One day, there was a small opening in the cocoon. The man sat and observed the butterfly for several hours as she was struggling to pass her body through the small hole. Sometime it seemed anympori to proceed.
So the man decided to help the butterfly. With a pair of scissors, cut the remaining piece of the cocoon. The butterfly made easily, but had a swollen body and wings are withered. The man continued to observe the butterfly because he expected that the wings will be raised and we were stretching to prop up her body, which will slowly xeprizotan.
Something, however, was not.
In contrast, the butterfly spent the rest of her life by dragging her swollen body and having withered wings. Never been able to fly.
This man, with kindness and haste, did not understand was that the fight to get the butterfly from the opening, it was the way in which God carried the fluid from her body toward the wings so that they are ready to fly once freed from the cocoon.
Sometimes, the difficulty is exactly what we need in our lives.

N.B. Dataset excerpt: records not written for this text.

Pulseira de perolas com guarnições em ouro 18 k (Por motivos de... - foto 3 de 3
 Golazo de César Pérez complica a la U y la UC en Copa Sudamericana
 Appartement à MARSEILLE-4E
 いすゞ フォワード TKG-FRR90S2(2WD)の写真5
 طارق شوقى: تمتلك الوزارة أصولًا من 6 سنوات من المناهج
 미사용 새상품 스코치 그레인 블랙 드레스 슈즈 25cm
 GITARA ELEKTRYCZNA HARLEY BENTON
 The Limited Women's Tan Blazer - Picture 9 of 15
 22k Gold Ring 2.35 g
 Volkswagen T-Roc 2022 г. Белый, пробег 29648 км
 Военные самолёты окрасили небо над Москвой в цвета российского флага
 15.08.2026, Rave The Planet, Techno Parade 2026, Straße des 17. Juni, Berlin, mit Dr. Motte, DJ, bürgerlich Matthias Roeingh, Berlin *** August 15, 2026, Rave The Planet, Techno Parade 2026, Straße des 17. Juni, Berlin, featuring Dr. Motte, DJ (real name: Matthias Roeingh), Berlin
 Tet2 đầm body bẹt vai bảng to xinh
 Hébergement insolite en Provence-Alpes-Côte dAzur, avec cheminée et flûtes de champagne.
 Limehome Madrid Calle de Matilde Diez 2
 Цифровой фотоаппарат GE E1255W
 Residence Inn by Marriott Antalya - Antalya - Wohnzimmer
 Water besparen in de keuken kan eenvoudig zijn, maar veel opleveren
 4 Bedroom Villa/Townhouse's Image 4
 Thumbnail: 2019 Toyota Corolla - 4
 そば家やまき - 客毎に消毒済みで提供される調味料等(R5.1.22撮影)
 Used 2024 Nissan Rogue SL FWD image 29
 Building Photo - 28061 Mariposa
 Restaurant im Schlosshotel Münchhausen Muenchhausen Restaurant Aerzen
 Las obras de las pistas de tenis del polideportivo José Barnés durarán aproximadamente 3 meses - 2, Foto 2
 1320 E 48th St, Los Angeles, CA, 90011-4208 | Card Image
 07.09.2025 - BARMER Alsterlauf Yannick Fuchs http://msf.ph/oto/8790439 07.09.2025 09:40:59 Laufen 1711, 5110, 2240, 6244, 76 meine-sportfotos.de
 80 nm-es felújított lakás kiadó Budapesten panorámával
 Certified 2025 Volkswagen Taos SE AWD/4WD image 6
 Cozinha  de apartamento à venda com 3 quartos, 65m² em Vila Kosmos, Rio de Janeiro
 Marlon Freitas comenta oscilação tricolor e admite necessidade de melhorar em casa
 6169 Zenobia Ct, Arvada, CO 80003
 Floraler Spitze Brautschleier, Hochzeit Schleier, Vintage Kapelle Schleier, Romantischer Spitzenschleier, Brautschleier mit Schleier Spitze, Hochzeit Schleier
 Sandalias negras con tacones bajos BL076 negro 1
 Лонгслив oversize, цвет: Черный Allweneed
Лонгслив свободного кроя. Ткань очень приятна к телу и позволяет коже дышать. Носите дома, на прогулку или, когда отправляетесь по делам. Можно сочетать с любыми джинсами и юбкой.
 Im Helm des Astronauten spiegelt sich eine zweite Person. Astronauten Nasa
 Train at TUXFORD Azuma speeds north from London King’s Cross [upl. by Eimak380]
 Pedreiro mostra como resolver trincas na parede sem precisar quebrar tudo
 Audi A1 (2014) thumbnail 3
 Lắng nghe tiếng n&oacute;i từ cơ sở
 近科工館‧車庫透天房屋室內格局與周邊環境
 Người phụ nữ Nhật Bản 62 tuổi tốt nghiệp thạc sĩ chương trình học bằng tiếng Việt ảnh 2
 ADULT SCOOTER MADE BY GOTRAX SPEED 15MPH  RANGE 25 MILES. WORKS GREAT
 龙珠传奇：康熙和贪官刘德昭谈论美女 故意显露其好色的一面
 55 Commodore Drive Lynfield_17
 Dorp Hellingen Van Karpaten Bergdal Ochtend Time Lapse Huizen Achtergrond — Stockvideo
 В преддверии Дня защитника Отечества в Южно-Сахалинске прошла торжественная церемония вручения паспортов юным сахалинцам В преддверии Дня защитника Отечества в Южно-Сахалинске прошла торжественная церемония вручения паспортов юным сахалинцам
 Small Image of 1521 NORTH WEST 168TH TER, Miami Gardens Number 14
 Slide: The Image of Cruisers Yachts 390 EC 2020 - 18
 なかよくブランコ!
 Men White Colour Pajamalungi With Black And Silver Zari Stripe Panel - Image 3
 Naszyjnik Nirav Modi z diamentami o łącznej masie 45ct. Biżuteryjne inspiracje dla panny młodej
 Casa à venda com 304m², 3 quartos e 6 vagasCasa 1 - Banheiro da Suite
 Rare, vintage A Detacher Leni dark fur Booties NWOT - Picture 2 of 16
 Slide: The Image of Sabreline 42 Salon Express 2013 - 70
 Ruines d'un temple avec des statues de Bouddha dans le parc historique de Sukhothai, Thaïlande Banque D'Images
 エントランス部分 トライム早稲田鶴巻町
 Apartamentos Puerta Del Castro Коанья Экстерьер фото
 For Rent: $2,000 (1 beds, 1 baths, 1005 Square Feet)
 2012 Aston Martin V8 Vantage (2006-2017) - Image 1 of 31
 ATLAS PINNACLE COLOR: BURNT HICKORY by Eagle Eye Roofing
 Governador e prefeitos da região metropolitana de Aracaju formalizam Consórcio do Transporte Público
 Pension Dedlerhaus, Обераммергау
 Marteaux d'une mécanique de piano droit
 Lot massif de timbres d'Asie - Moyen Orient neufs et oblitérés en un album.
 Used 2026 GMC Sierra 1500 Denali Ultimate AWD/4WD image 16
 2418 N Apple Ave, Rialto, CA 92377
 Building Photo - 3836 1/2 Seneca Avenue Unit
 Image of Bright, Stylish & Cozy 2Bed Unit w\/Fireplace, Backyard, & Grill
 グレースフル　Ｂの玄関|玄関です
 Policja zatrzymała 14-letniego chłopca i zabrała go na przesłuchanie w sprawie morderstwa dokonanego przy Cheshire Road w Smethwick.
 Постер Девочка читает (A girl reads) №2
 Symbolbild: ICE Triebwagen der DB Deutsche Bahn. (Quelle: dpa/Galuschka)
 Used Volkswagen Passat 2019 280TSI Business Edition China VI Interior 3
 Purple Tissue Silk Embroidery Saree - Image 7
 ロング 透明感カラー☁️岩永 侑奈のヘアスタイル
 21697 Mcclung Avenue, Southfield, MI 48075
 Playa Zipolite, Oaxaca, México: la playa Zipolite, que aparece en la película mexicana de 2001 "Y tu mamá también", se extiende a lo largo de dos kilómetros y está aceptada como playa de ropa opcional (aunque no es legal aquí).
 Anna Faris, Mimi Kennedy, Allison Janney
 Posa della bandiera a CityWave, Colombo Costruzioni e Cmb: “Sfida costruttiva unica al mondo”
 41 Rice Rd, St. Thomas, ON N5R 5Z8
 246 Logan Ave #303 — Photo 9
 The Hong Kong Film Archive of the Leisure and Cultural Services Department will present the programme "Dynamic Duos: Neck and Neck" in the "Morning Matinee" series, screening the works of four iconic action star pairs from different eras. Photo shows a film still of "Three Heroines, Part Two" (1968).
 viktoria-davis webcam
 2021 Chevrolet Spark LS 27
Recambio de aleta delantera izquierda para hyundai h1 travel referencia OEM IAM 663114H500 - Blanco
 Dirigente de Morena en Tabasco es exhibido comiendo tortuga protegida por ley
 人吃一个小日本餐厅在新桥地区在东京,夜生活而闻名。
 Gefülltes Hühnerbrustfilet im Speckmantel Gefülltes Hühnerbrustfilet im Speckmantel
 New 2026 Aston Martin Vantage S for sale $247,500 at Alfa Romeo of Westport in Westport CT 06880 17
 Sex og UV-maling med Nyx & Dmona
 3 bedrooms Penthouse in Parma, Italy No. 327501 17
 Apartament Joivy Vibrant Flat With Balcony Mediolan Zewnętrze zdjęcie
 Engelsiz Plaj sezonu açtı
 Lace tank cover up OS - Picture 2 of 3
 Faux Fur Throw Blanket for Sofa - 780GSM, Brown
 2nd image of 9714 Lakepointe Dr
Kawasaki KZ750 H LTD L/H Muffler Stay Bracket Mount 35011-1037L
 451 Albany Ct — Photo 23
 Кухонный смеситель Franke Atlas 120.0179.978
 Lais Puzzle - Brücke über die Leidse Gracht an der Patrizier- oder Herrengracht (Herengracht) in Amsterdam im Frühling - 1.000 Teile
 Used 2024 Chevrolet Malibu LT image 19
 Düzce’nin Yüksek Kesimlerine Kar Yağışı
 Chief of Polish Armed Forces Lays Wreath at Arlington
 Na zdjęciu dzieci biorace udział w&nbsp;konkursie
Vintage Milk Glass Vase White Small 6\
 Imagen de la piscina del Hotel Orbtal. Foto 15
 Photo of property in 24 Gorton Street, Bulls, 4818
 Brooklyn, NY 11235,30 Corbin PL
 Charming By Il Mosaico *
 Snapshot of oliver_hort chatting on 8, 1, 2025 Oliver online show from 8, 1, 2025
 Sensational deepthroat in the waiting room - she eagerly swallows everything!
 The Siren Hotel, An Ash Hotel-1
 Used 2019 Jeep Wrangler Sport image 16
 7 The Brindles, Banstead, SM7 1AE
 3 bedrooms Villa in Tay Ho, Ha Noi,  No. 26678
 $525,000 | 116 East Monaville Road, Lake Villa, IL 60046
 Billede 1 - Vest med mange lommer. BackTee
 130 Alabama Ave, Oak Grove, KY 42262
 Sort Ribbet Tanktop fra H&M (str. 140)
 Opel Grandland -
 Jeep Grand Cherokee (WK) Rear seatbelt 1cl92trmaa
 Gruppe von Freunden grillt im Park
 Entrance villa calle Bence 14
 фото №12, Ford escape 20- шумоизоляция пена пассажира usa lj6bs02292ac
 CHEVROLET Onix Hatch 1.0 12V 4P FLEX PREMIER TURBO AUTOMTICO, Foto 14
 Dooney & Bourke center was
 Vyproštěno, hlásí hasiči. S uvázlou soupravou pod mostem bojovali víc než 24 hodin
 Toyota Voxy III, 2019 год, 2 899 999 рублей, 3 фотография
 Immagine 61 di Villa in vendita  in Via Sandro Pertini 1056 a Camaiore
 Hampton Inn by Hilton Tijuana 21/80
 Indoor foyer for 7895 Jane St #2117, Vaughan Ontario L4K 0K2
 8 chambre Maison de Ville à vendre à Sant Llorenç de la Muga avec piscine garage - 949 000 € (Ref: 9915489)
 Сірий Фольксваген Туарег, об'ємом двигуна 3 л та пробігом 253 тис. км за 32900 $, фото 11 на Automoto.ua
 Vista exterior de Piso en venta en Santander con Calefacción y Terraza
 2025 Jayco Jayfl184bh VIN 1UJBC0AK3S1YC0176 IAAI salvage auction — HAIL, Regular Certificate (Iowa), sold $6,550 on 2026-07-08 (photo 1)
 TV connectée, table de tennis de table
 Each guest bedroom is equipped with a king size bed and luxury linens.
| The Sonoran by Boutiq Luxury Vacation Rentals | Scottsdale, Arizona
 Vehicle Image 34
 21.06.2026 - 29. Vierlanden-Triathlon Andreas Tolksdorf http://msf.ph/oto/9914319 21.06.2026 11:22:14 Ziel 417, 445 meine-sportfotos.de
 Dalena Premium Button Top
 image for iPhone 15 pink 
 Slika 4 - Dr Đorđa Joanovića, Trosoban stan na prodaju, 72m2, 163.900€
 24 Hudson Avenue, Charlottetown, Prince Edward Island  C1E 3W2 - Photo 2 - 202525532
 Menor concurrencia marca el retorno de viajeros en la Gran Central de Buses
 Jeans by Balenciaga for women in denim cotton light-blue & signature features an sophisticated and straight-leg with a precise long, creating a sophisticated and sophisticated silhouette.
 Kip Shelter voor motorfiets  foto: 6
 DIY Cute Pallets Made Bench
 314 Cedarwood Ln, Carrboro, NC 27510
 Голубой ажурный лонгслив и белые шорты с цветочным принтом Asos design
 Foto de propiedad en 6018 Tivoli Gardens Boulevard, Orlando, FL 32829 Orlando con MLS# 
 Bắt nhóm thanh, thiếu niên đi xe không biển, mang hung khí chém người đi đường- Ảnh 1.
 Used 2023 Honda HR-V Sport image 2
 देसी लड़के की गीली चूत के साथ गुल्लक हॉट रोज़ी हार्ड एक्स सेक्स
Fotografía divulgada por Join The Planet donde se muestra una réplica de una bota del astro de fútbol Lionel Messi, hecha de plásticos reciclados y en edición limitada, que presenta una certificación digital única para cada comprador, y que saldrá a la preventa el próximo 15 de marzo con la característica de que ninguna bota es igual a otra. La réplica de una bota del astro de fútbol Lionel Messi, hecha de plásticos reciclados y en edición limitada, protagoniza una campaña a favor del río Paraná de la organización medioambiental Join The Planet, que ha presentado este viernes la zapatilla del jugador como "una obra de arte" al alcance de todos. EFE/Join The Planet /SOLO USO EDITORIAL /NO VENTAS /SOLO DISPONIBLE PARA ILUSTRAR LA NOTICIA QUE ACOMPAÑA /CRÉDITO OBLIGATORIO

If God allowed us to cross the life without obstacles, will not have the power to bestow.
There will never flew ...
It has been postulated that suffereing and fear and loss are all animal emotions; that the soul perceives live as a gleeful adventure. I don't know. I do think that pain makes us care. It drives us to our knees to seek a closer relationship with a creator that we'll never quite know. It prods us to remember those we love, both here and gone.
I suppose we should be thankful, but that knowledge is little consolation when we are in the midst of that pain. There is, I think, nothing to do but to greive with those who greive, give ourselves that time and space to be a human and not a machine at a job or even in our family, and be OK with the grieving, knowing that it is as unavoidable as sun-rise, and that like the sun-set, it's will, eventually, abate.
When we all experience pain, a little courage helpsmore (Lewis observes) than much knowledge, a littlehuman sympathy more than much courage, and theleast tincture of the love of God more than all.
- CS Lewis, The Problem of Pain
Thursday, August 29, 2013
Nothing Ever Always
Sometimes I get really frustrated by the things I used to know, but somehow forgot.
For instance, I USED to know that, in a relational database, nothing is ever always true.
Huh?
Perhaps an example will be illuminating.
Indexes - we are told that they help reads and hurt writes. I suppose that's true, on some level, because of the processing the RDBMS has to do in order to perform the actual operation of writing to the table, and updating the indexes.
However, I had a situation today wherein I found myself creating an index to DRAMATICALLY speed up a write operation.
Both for a delete where and an update where, adding the index cut the execution (in DB2, measured in timerons) by 60 - 80 %. Wow.
Honestly, I should have known this. I've been doing this for a while. I get used to pat ideas and the looking at a problem in a very particular way, or on a small set of data.
Bottom line, in relational databases, nothing ever always.
For instance, I USED to know that, in a relational database, nothing is ever always true.
Huh?
Perhaps an example will be illuminating.
Indexes - we are told that they help reads and hurt writes. I suppose that's true, on some level, because of the processing the RDBMS has to do in order to perform the actual operation of writing to the table, and updating the indexes.
However, I had a situation today wherein I found myself creating an index to DRAMATICALLY speed up a write operation.
Both for a delete where and an update where, adding the index cut the execution (in DB2, measured in timerons) by 60 - 80 %. Wow.
Honestly, I should have known this. I've been doing this for a while. I get used to pat ideas and the looking at a problem in a very particular way, or on a small set of data.
Bottom line, in relational databases, nothing ever always.